Quantum Key Distribution via Charge Teleportation
Amir Yona, Yaron Oz
TL;DR
This work proposes and analyzes Quantum Key Distribution via charge teleportation (QCT), a primitive that encodes key bits in the sign of a teleported local charge observable on a globally conserved quantity. By LOCC on entangled TFIM ground states, Alice’s bit choice ($a$) deterministically modulates Bob’s local charge outcome $\langle\Delta Q_B\rangle$, yielding a symmetric, single-basis readout that is robust to realistic noise. The study develops a general observable-teleportation framework, implements two TFIM Hamiltonians (star-coupled and nearest-neighbor), and provides closed-form two-qubit results with extensive numerical, Qiskit-circuit, and hardware validation. Results show charge teleportation offers improved symmetry, noise resilience, and scalability compared to energy teleportation, with practical implications for near-term QKD platforms and potential extensions to timing-enhanced (TQET) schemes.
Abstract
We introduce a quantum key distribution (QKD) primitive based on charge teleportation: by Local Operations and Classical Communication (LOCC) on an entangled many-body ground state, Alice's one-bit choice steers the sign of a local charge shift at Bob, which directly encodes the key bit.
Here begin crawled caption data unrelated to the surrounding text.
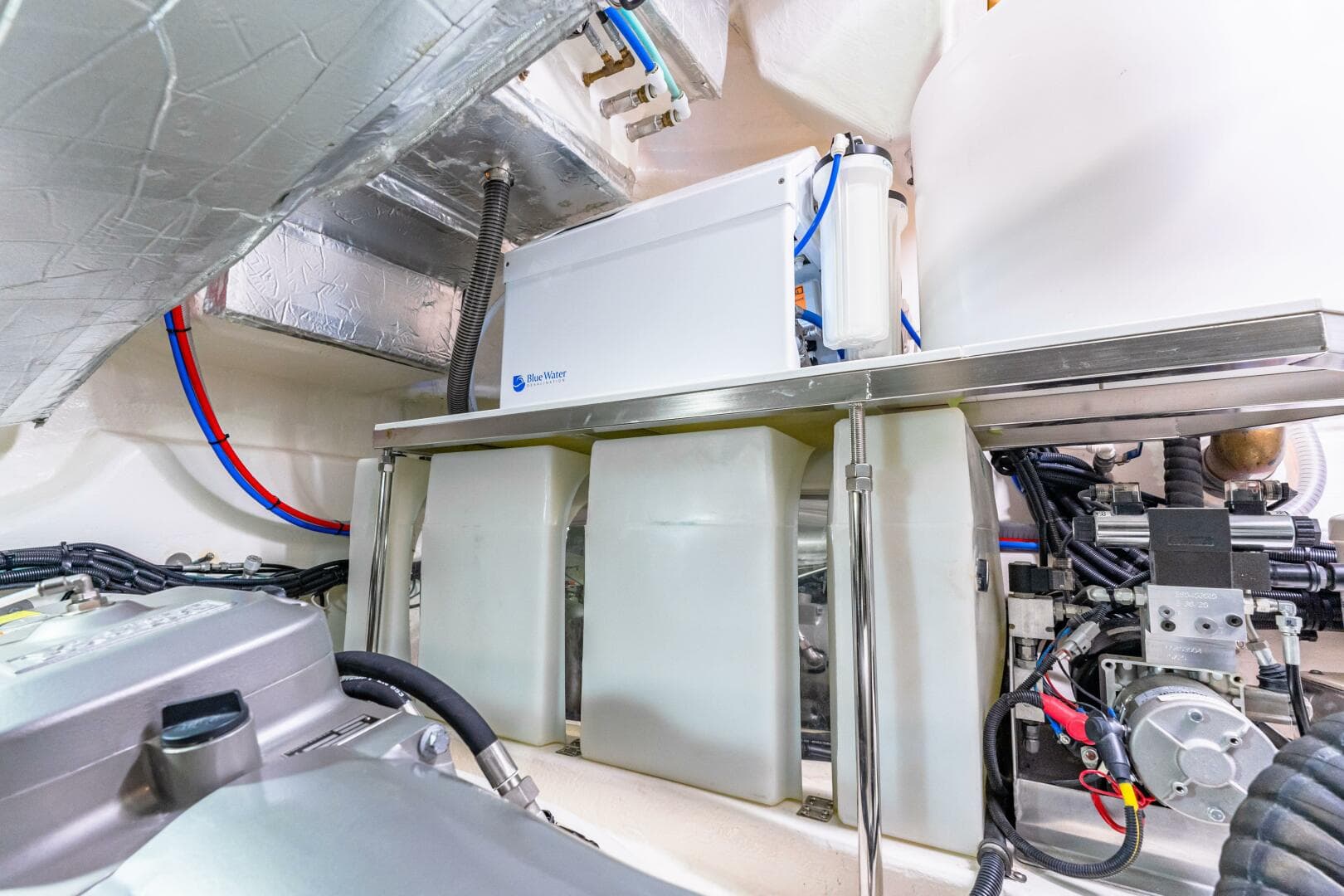 2022 Riviera 6000 Sport Yacht Platinum Edition — photo 42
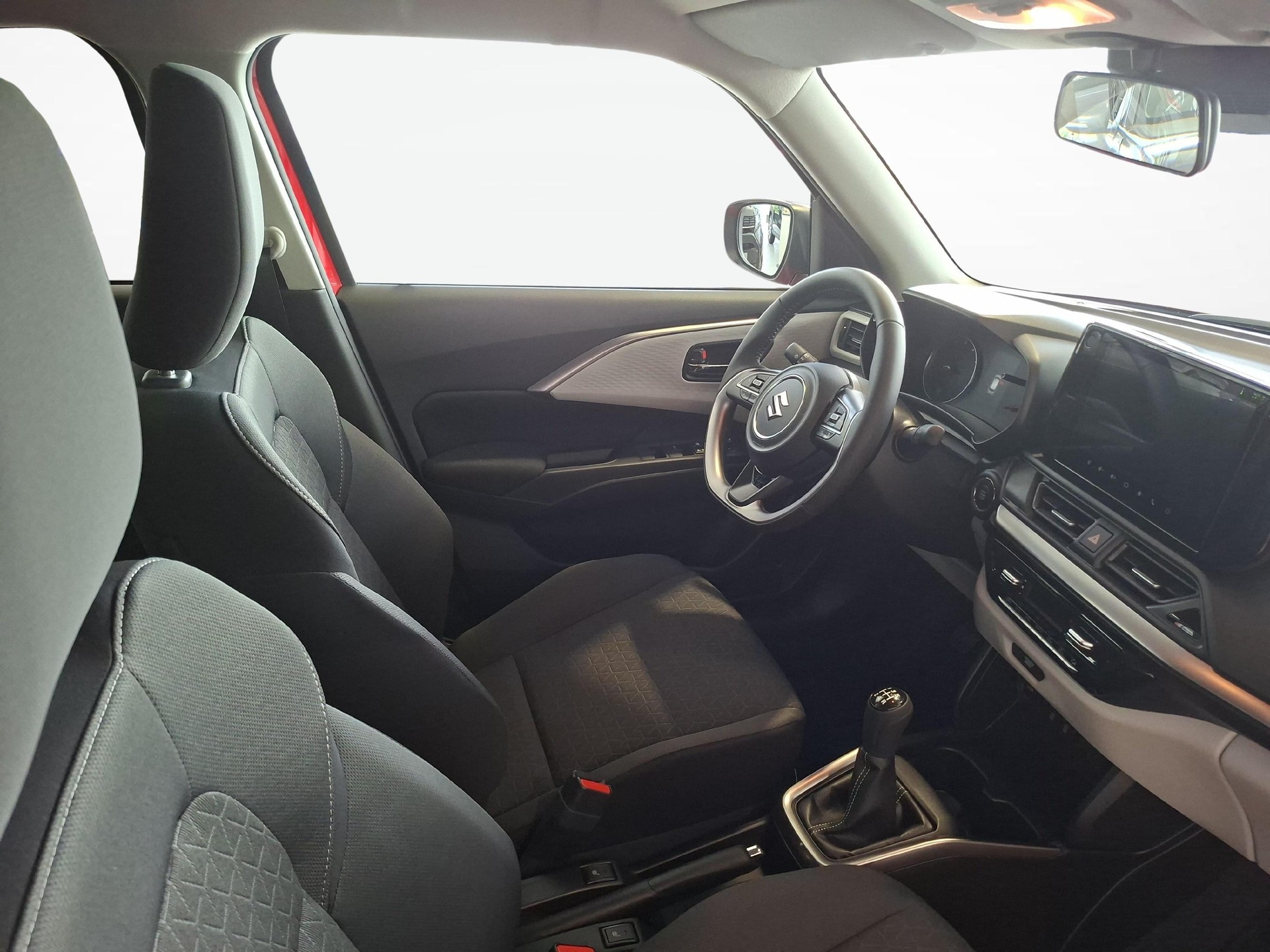 SUZUKI Swift 1.2 Sakura Top Hybrid 4x4 / 1.99% Leasing mit Protect Versicherung-image-9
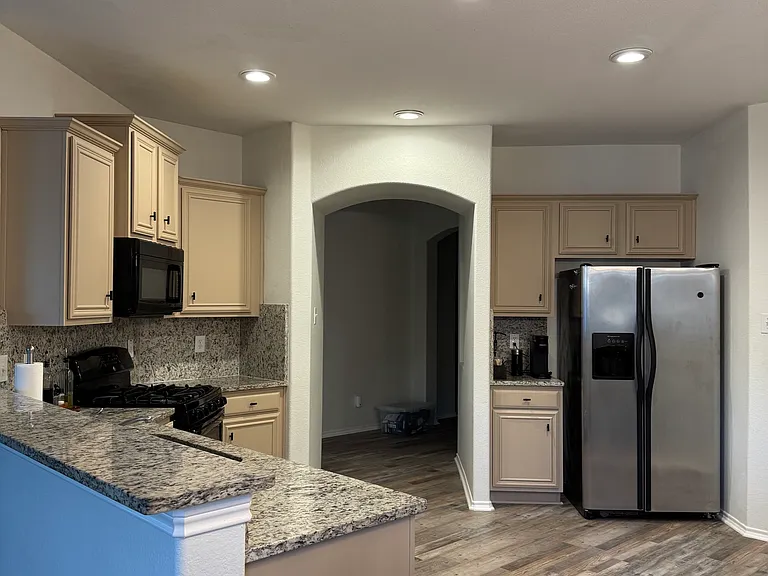 434 Winchester Dr — Photo 10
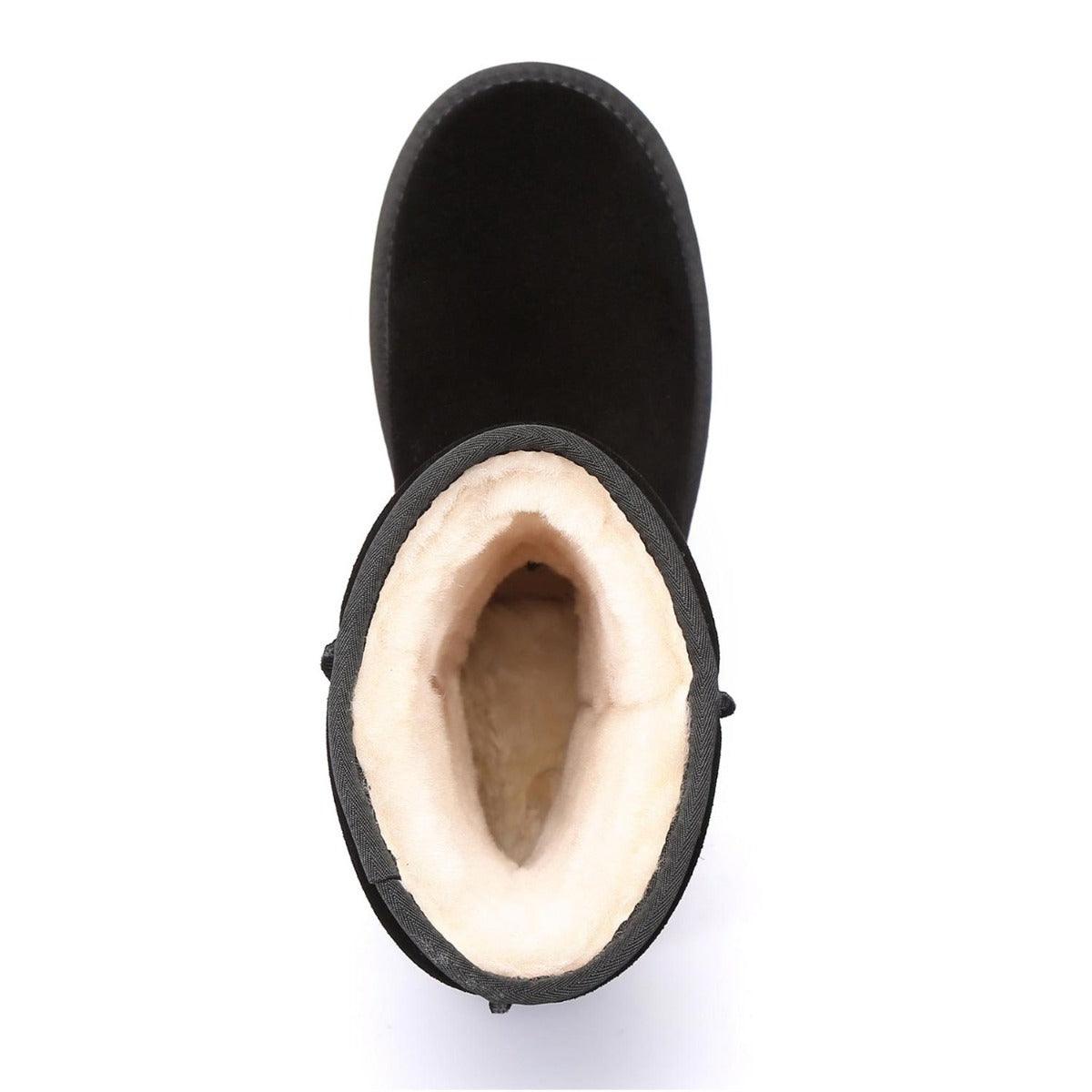 Australian Shepherd UGG Short Classic Suede - The Next Pair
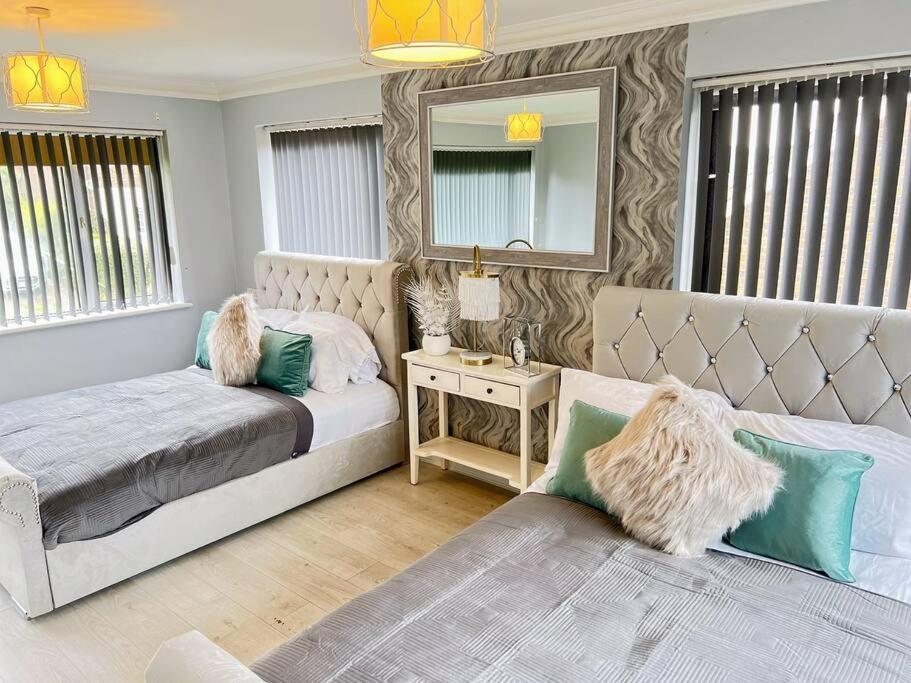 The Coxhill Retreat - Indoor Rainforest Spa Holiday home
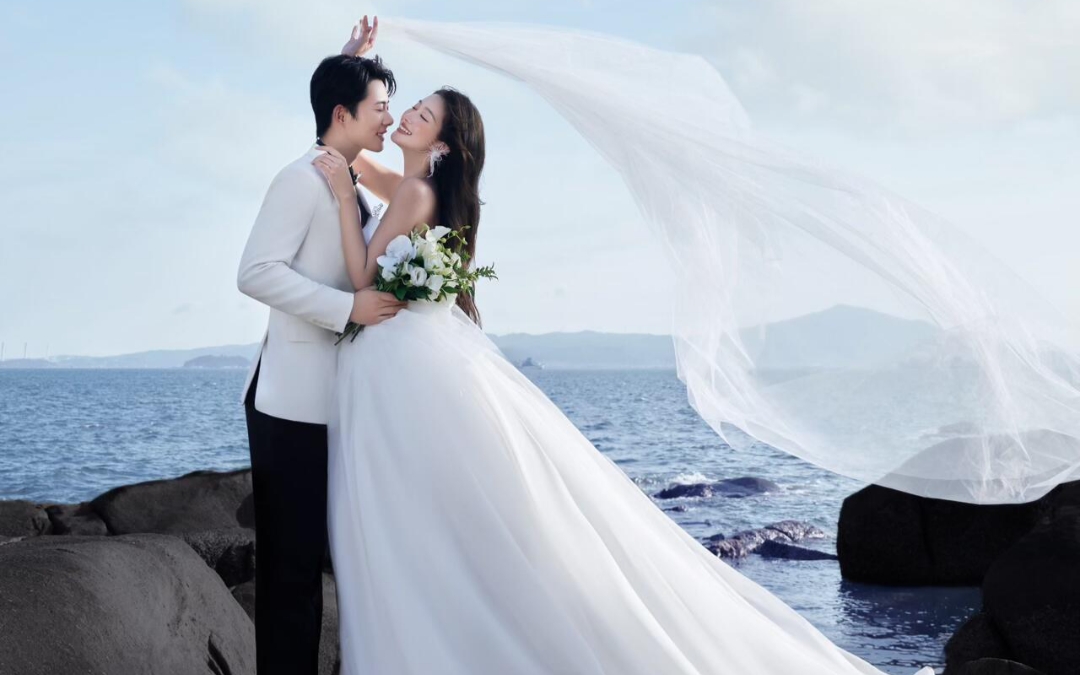 在海邊的微風中，我們許下了永恒的誓言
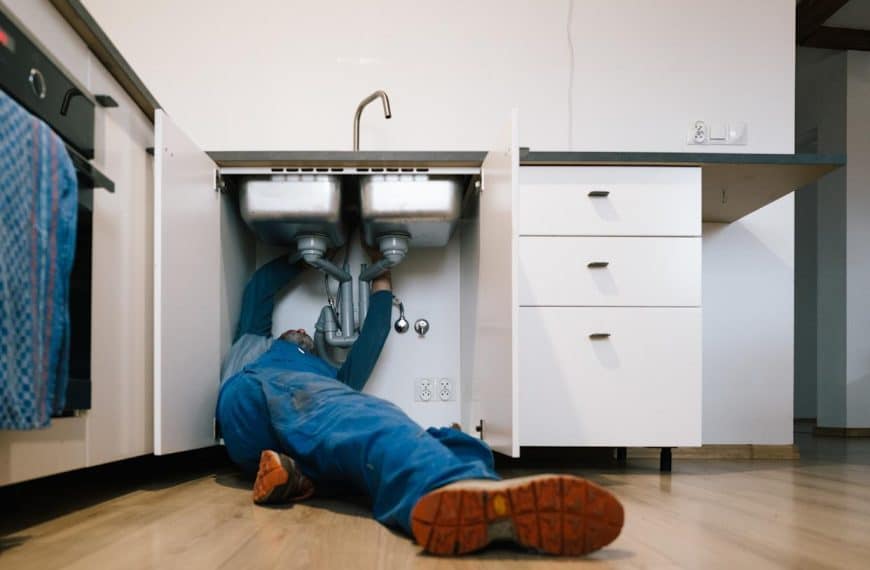 Why Repipe Specialists Get Better Results Than General Plumbers for Whole-House Projects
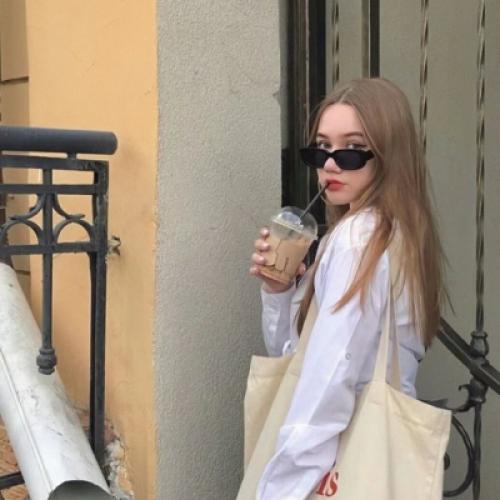 超拽欧美女生性感霸气头像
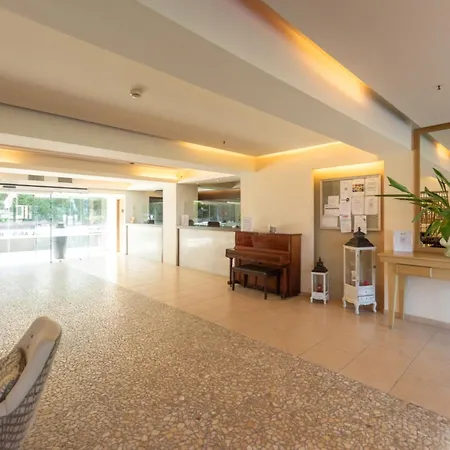 Hotel Hotiday Corfu Kanoni 4*
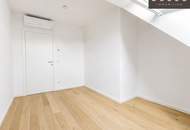 ERSTBEZUG IN STAMMERSDORF | 3-ZIMMER-DACHGESCHOSSWOHNUNG | TERRASSE, KLIMA UND EINBAUKÜCHE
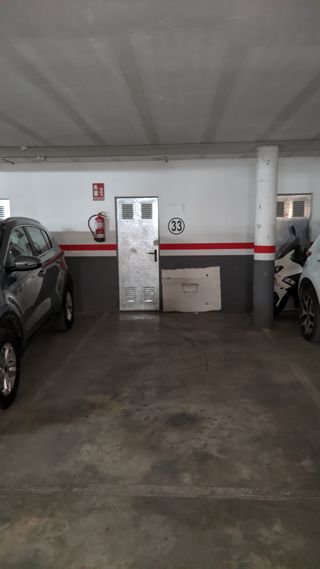 Se vende plaza de garaje más trastero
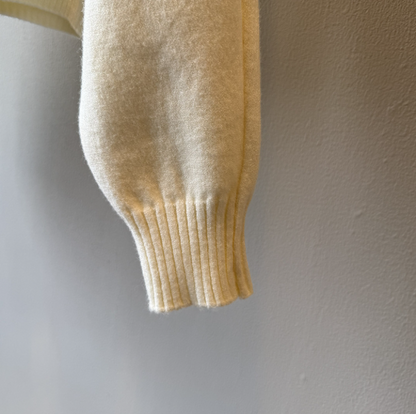 シンプルワンショルニット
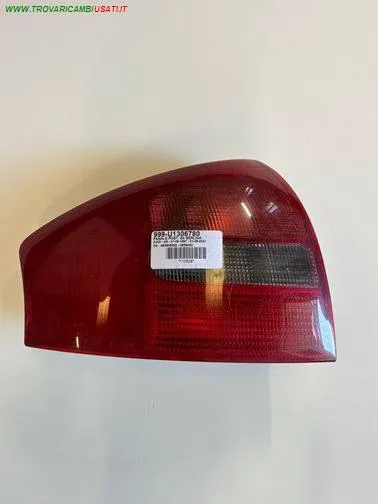 FANALE POST. SX BERLINA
Relative to energy teleportation schemes, the charge signal is bit-symmetric, measured in a single basis, and markedly more robust to realistic noise and model imperfections. We instantiate the protocol on transverse-field Ising models, star-coupled and one-dimensional chain, obtain closed-form results for two qubits, and for larger systems confirm performance via exact diagonalization, circuit-level simulations, and a proof-of-principle hardware run. We quantify resilience to classical bit flips and local quantum noise, identifying regimes where sign integrity, and hence key correctness, is preserved. These results position charge teleportation as a practical, low-rate QKD primitive compatible with near-term platforms.